Dataset excerpts:
..........

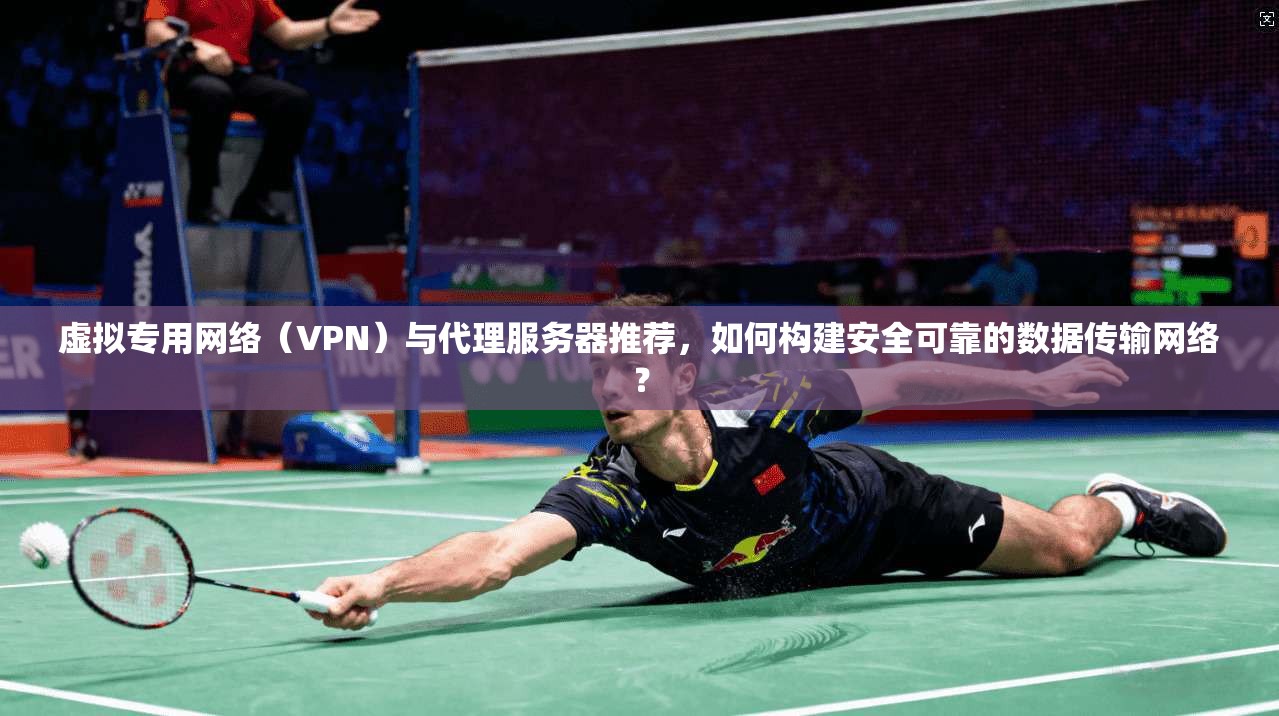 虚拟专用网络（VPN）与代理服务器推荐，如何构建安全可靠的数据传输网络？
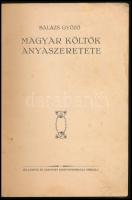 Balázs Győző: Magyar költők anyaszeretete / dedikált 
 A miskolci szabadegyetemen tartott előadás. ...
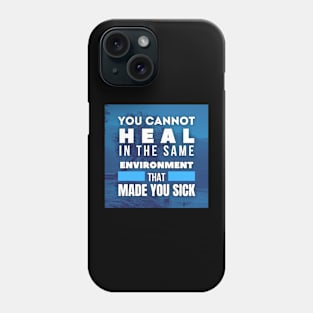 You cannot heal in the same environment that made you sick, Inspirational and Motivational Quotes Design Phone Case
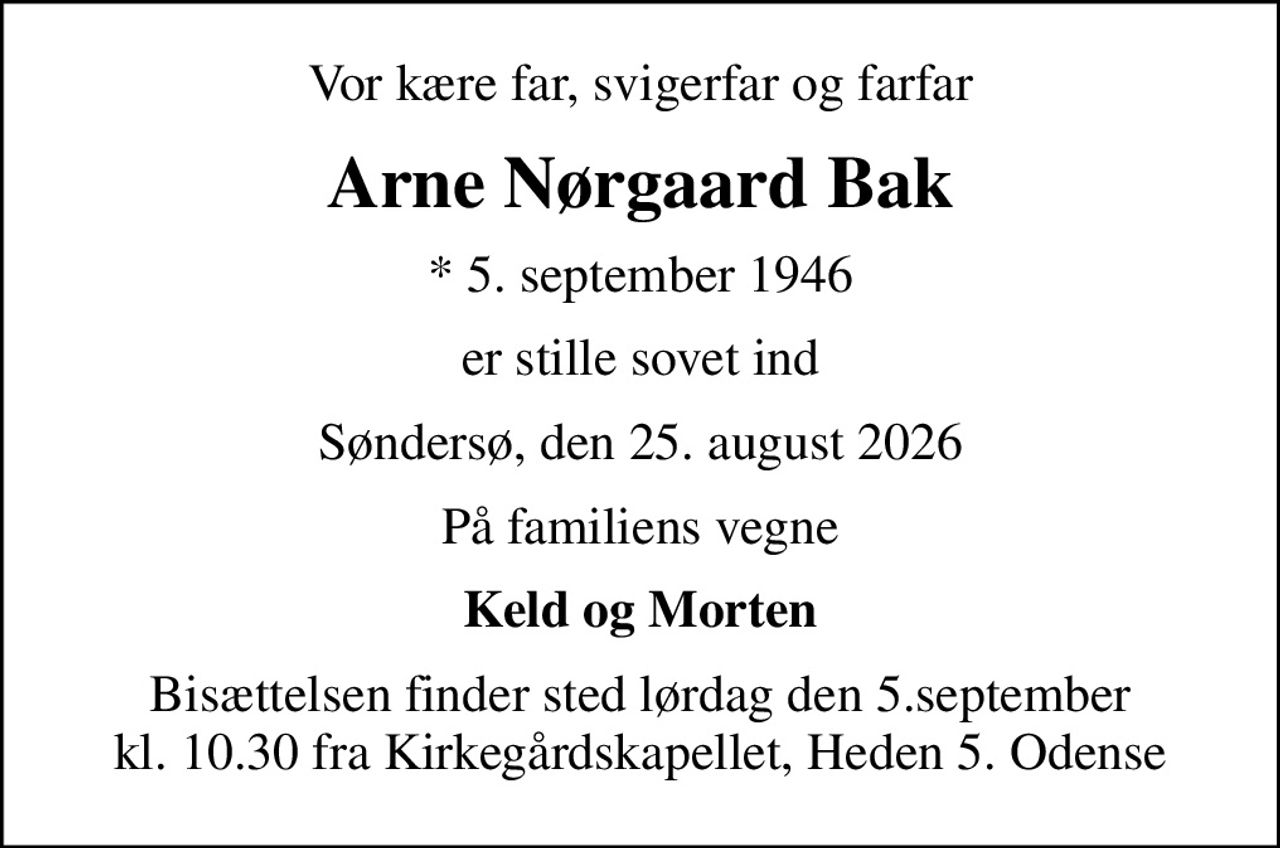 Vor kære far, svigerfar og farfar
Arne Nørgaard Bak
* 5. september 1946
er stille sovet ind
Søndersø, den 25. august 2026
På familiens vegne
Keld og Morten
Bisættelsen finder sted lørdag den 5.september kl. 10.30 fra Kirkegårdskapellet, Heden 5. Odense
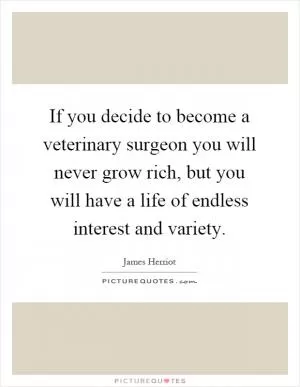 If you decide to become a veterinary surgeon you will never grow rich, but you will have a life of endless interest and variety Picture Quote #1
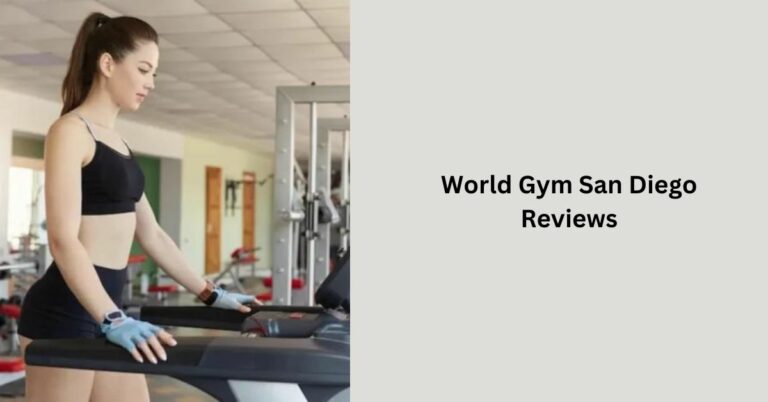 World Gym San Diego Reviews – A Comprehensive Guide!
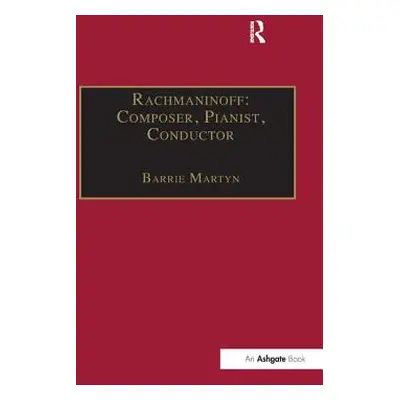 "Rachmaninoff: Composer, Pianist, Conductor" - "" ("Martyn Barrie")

..........

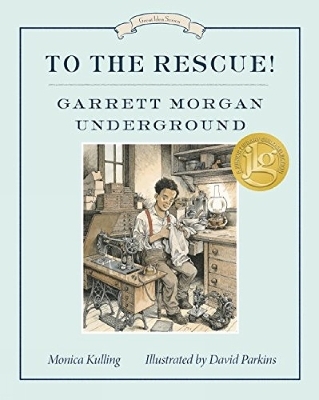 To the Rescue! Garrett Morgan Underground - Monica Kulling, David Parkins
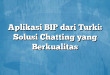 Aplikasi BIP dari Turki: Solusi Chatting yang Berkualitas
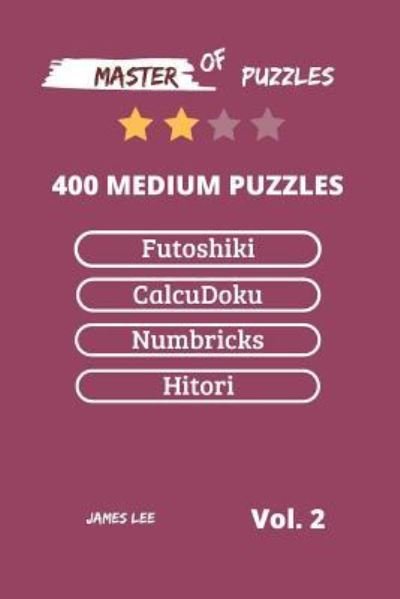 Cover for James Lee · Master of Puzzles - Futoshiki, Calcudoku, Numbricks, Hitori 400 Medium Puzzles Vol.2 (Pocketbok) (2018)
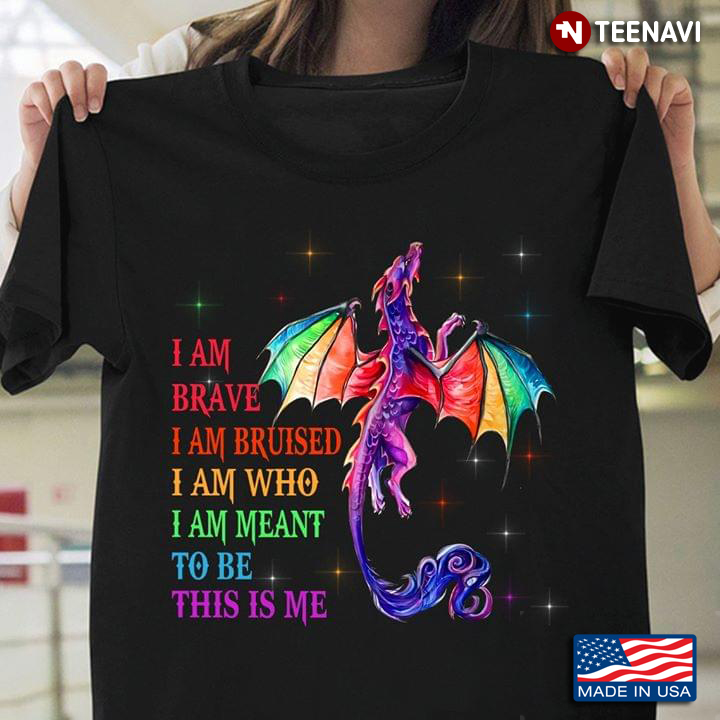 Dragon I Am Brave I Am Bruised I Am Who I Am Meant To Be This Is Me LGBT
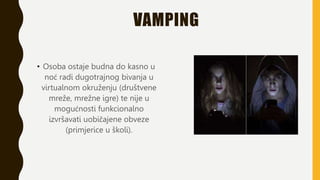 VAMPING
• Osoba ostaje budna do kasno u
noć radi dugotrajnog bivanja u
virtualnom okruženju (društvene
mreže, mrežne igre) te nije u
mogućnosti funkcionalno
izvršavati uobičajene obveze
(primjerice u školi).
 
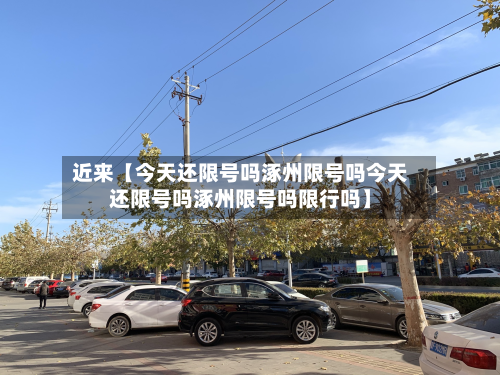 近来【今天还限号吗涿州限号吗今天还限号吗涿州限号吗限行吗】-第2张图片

..........

- [WORK TO BE COMPLETED] Out of the data above, return each line where the word "september" can be found.

- [EXERCISE SOLUTION]
* 5. september 1946
Bisættelsen finder sted lørdag den 5.september kl. 10.30 fra Kirkegårdskapellet, Heden 5. Odense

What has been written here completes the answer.